How to complete this task:
In the entries below, begin at the line that has "Ambient Teal Trellis Outdoor Rug" and stop after the line that has "Texas White Longhorn Earrings"; output those lines exactly, leaving out pictures.

Material for this exercise below:

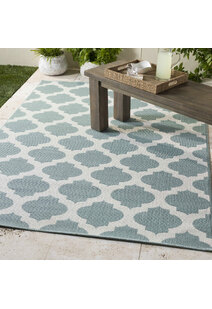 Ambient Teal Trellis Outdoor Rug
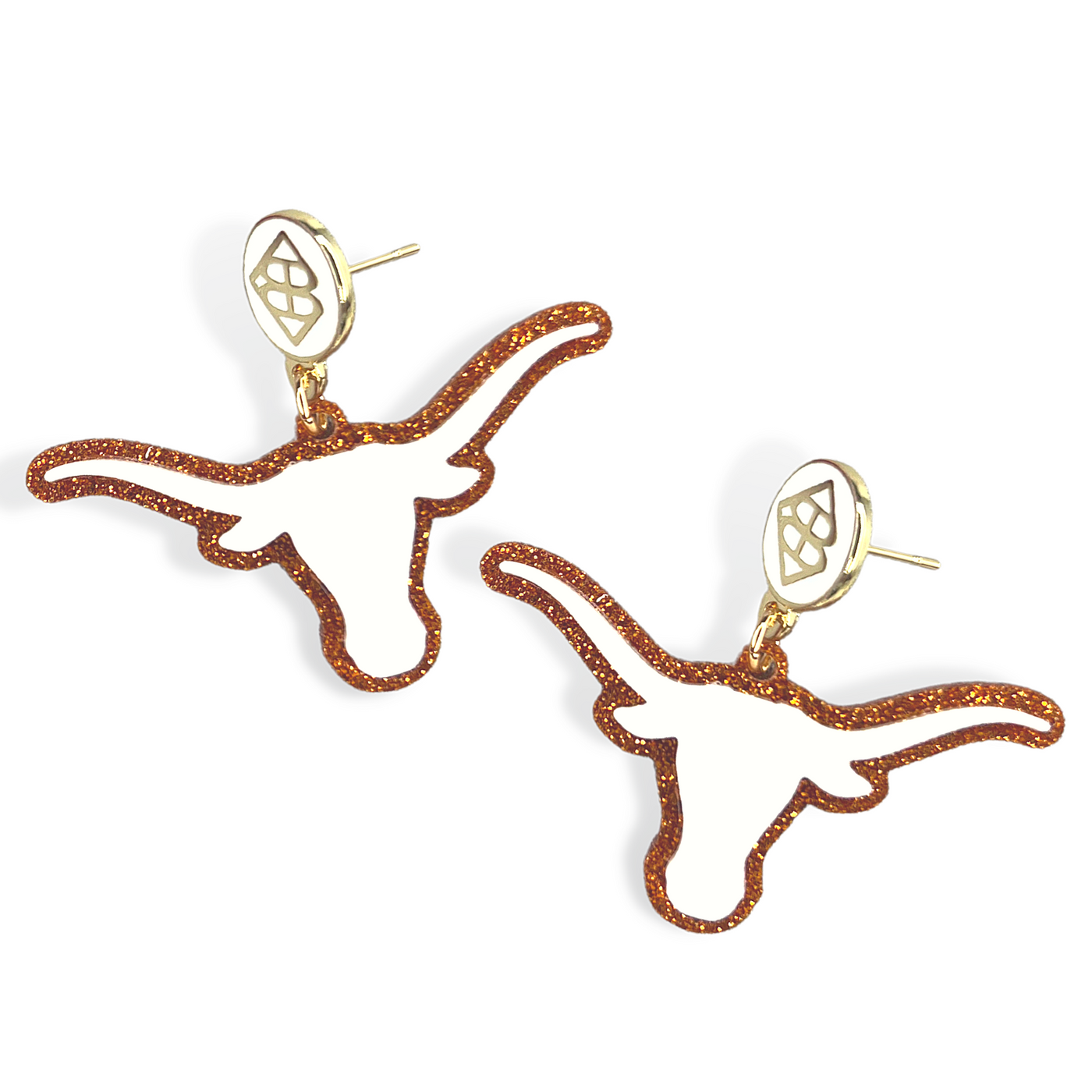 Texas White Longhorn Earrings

End of Material for this exercise.
Material for this exercise below:

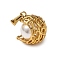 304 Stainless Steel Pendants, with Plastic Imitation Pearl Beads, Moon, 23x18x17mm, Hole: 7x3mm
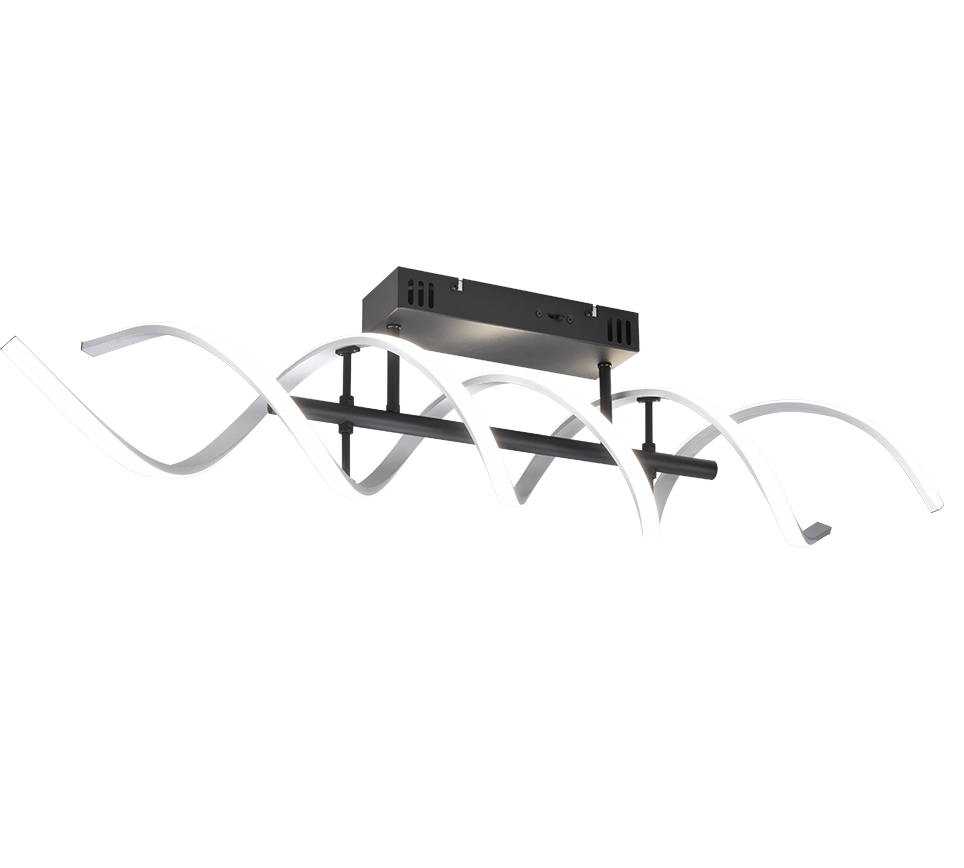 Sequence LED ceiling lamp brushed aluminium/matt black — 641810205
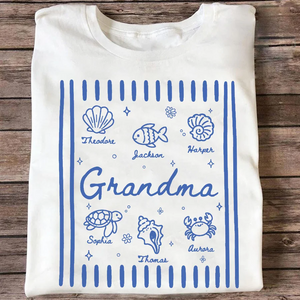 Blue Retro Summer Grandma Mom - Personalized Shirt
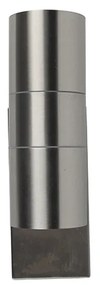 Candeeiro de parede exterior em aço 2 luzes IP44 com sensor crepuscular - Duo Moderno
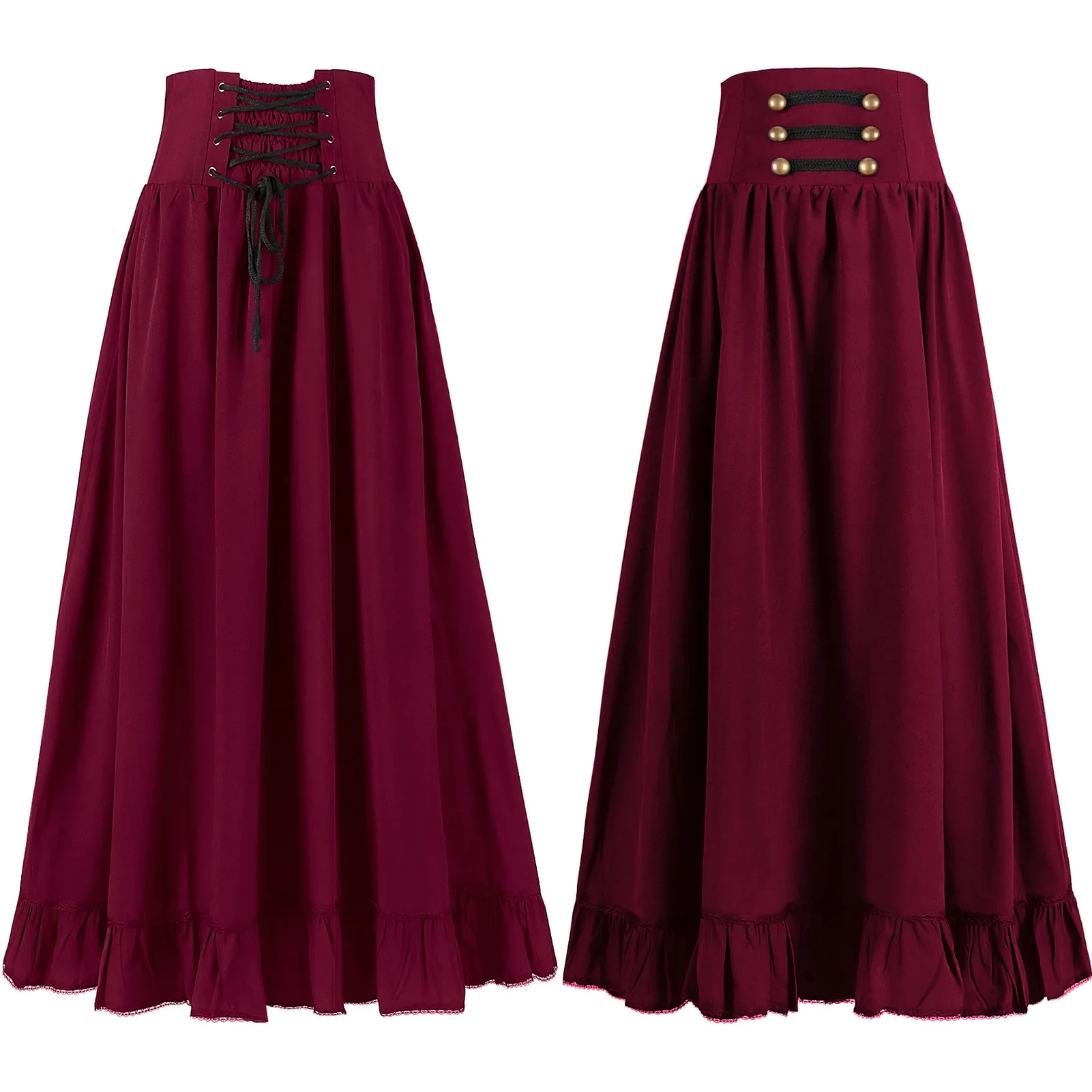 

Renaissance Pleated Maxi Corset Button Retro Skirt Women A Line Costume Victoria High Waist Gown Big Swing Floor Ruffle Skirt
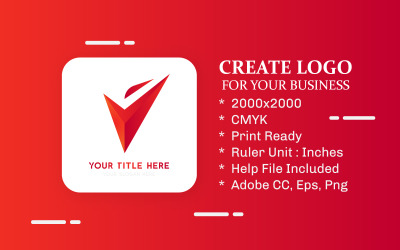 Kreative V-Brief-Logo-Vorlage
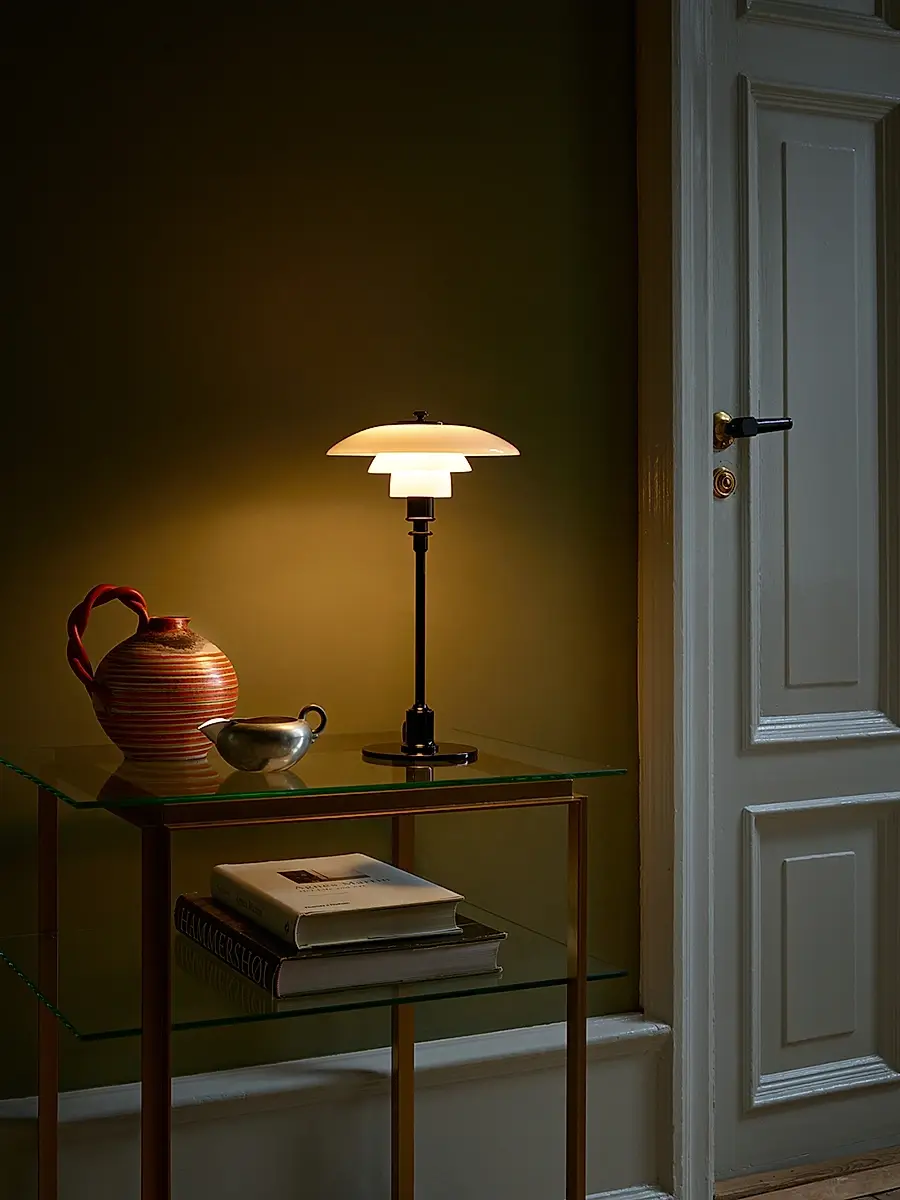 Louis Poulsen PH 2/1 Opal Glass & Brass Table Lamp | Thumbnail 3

End of Material for this exercise.
Material for this exercise below:

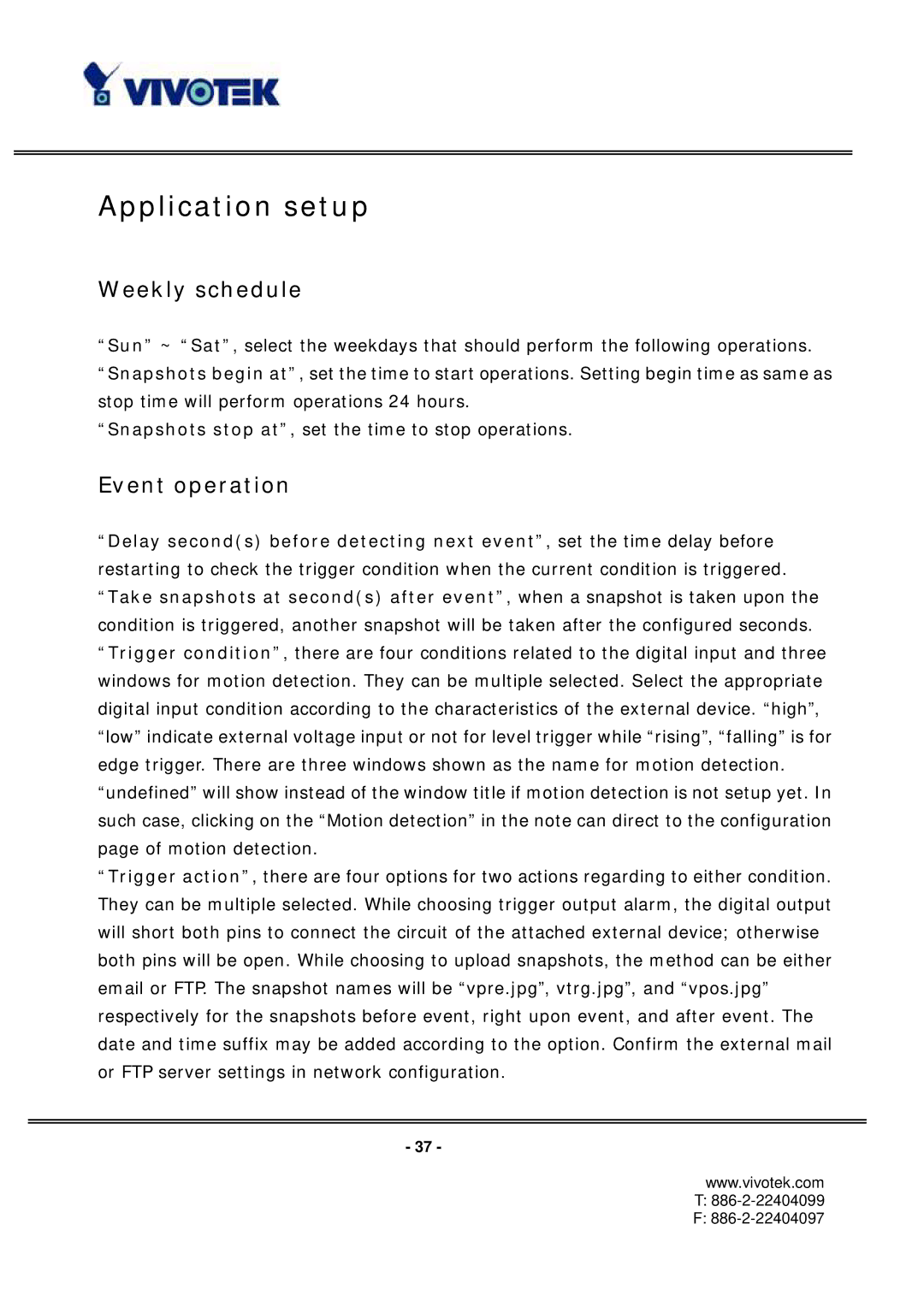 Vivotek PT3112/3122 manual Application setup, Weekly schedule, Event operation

End of Material for this exercise.

Written response:
 Ambient Teal Trellis Outdoor Rug
 Texas White Longhorn Earrings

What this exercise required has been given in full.